For BI-style workflows, that is often enough. If the job is "answer this KPI question correctly" or "translate this governed business question into SQL," the semantic layer is exactly the right abstraction.

But even that abstraction assumes you have a starting point. It helps once you roughly know what question to ask. It is much less helpful when the first problem is simply figuring out where the relevant signal lives.

You know the table.
You know the columns.
Or at least the business concepts that map onto them.
You know how to express the query.

That works well for humans and for text-to-SQL systems operating on known business concepts.

It breaks down quickly for agents exploring diverse operational data.

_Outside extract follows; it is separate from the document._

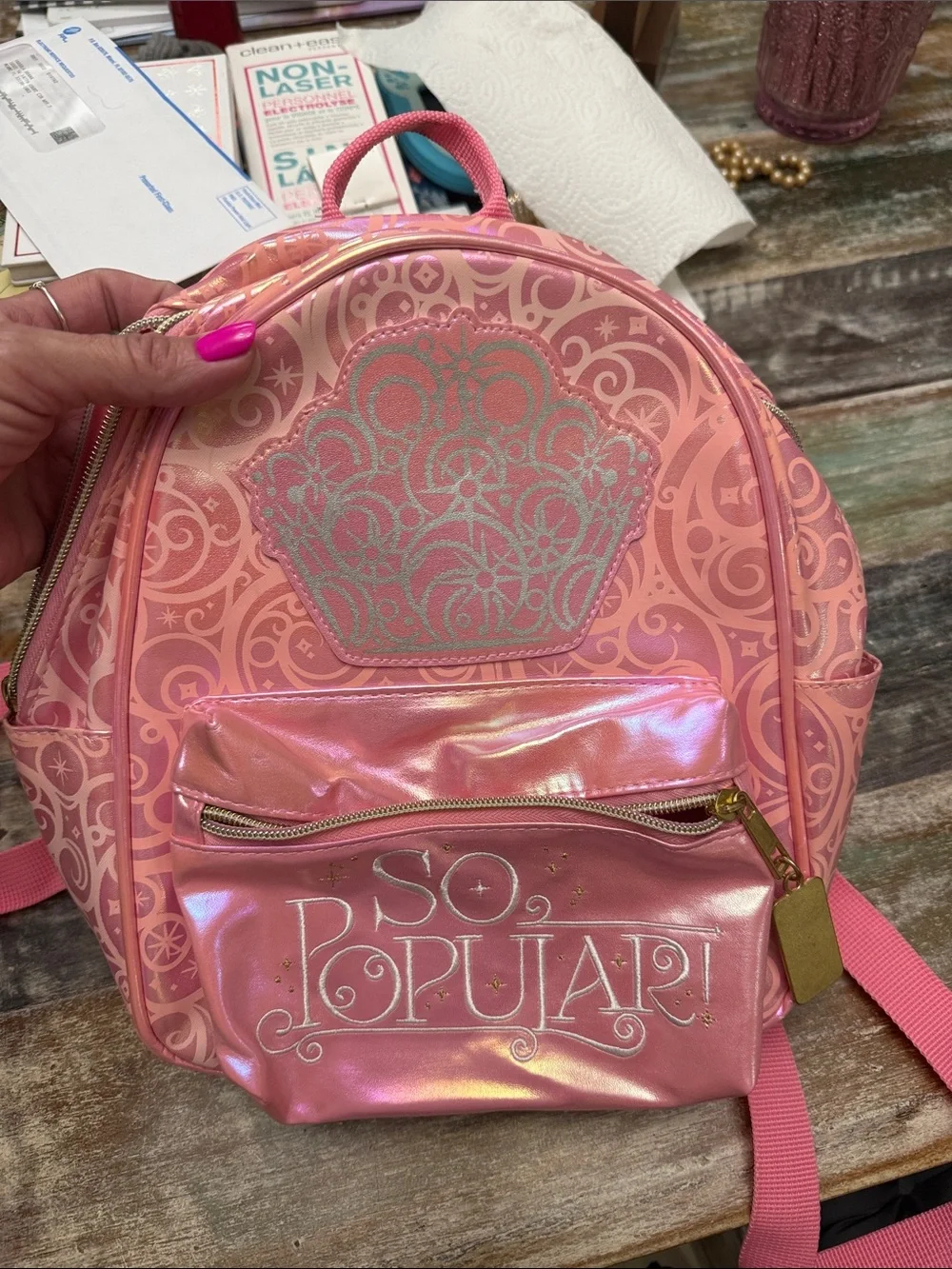 Ulta Beauty Pink Iridescent Mini Backpack with Crown Motif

When an agent starts exploring a dataset, it often does not begin with a schema or a semantic model. It begins with intent:

"find conversations about GDPR"
"which customers asked about data residency"
"anything related to EU deployment issues"

There is no clear entry point into the data, only a vague idea of what might be relevant.

SQL is precise, but not forgiving

SQL is extremely powerful, but it is also very strict. It requires you to be precise from the start: exact filters, exact joins, exact structure.

That precision is what makes it reliable. But it also makes it a poor first step when you do not yet know where to look.

You do not explore a dataset with perfect queries. You explore it by approximating, iterating, and refining.

Which is exactly what search is good at.

Text-to-SQL is no longer the hard part

A year ago, many conversations about data access for AI centered on text-to-SQL: can a model translate a natural-language request into syntactically valid SQL?

By now, that capability is close to table stakes. Generating acceptable SQL from a prompt is increasingly a commodity, especially when the target schema or semantic model is already reasonably well described.

That does not solve the actual retrieval problem.

If an agent does not know which table contains the relevant text, which column carries the signal, or even which records are worth inspecting, then producing SQL is not enough. You still end up with the same failure mode: a precise query aimed at the wrong place.

For builders, this means the missing primitive is not SQL generation.

It is schema-agnostic retrieval.

What agents actually need

In practice, agents need a loop that looks more like this:

Start from intent.
Retrieve candidate records broadly.
Inspect the results and discover where the signal lives.
Refine with structured filters, joins, and aggregations.

That is not "text-to-SQL."

It is closer to search first, SQL second.

Humans already work this way informally. We scan a few rows. We run a sloppy first query. We look at field values. We tighten the query once we understand the data shape.

Agents need the same ability, but as a native system capability rather than a workaround.

That matters operationally. If the agent can do discovery inside the same engine it will later use for joins, filters, and aggregations, you avoid bolting on a second retrieval stack just to make open-ended workflows possible.

What if you could just "grep" your lakehouse?

Instead of exporting data to a separate system, or maintaining a parallel search index, we asked a simpler question: what if search was just a native capability of the lakehouse?

Not a different API. Not a different tool. Just something you can use directly in SQL.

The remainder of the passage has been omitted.